Task statement:
From the records below, print exactly the lines starting at the one containing "Arizona State - NCAA" and ending at the one containing "depicting a 'fi...", ends included, and nothing else.

Data to examine:
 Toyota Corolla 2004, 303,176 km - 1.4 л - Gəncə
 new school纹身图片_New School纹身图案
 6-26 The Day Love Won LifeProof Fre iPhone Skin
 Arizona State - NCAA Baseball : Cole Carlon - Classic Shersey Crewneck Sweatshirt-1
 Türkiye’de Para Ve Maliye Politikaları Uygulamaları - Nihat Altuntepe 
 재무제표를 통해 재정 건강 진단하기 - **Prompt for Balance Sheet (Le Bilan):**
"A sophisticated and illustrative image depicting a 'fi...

...

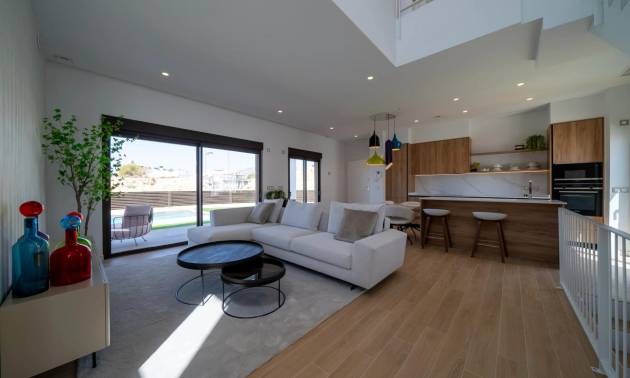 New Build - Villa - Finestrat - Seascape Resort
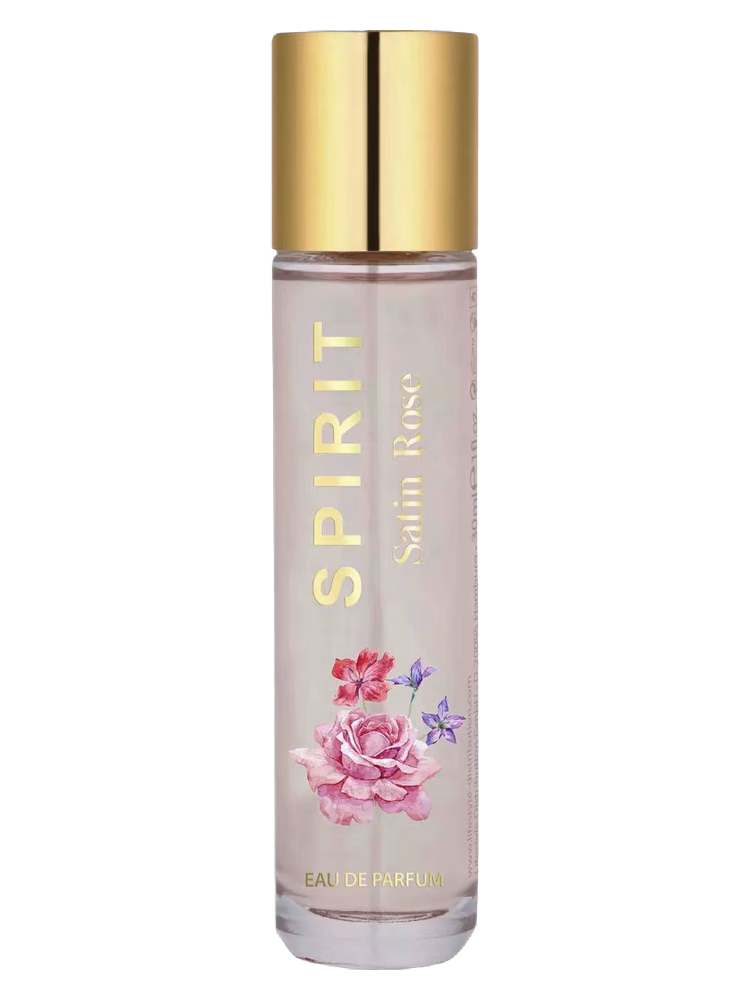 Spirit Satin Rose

--

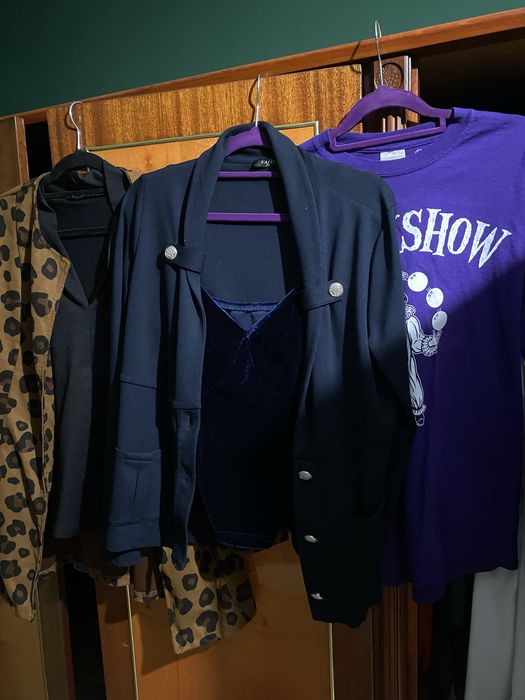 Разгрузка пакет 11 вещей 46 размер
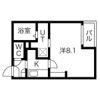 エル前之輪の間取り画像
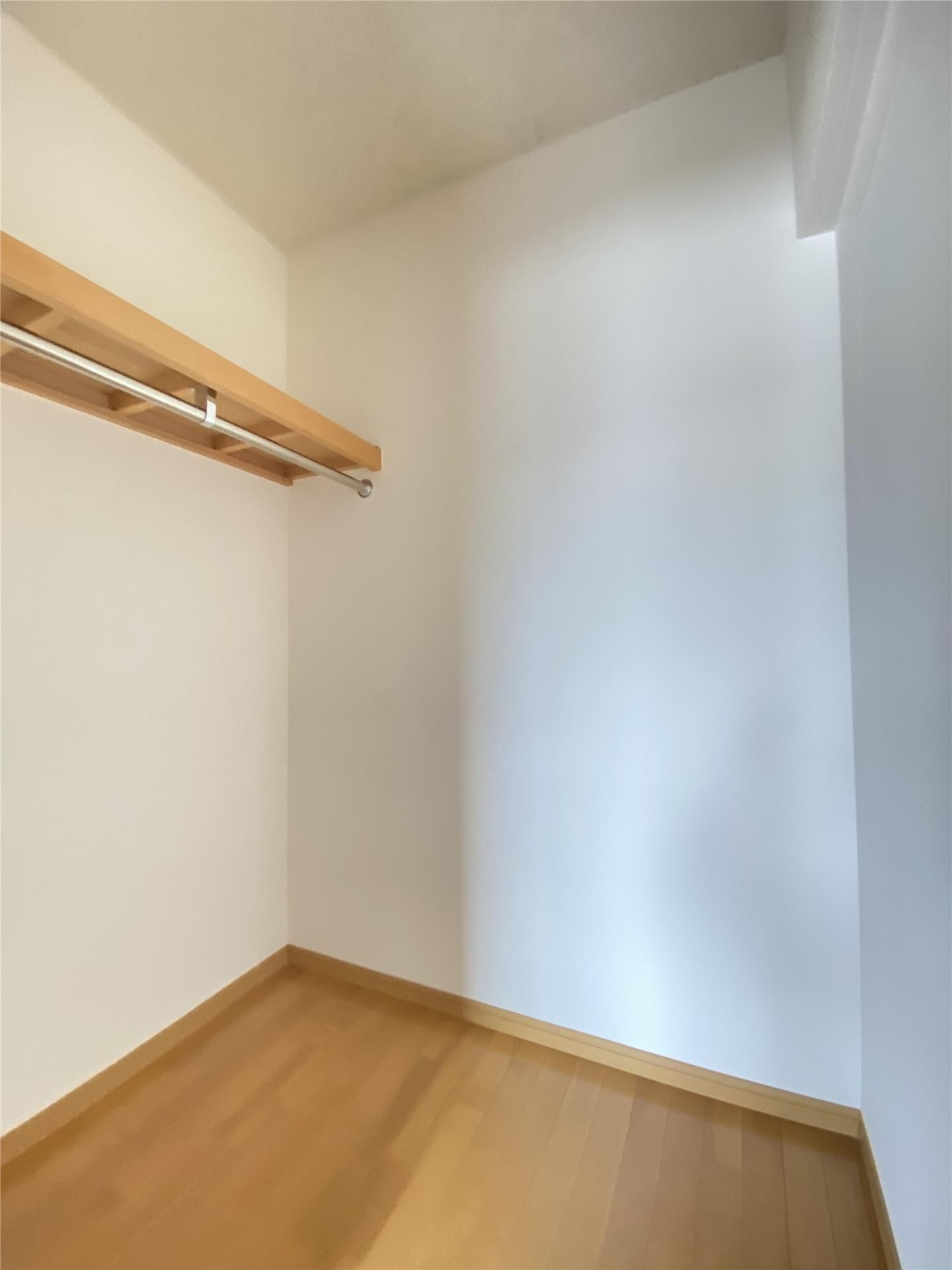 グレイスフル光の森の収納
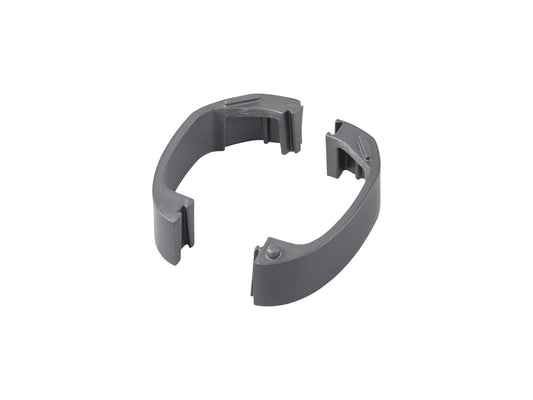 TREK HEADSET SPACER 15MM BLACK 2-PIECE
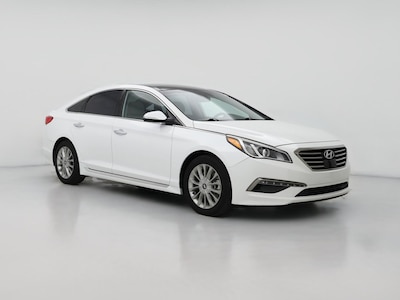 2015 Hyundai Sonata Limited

Response to this task:
 Arizona State - NCAA Baseball : Cole Carlon - Classic Shersey Crewneck Sweatshirt-1
 Türkiye’de Para Ve Maliye Politikaları Uygulamaları - Nihat Altuntepe 
 재무제표를 통해 재정 건강 진단하기 - **Prompt for Balance Sheet (Le Bilan):**
"A sophisticated and illustrative image depicting a 'fi...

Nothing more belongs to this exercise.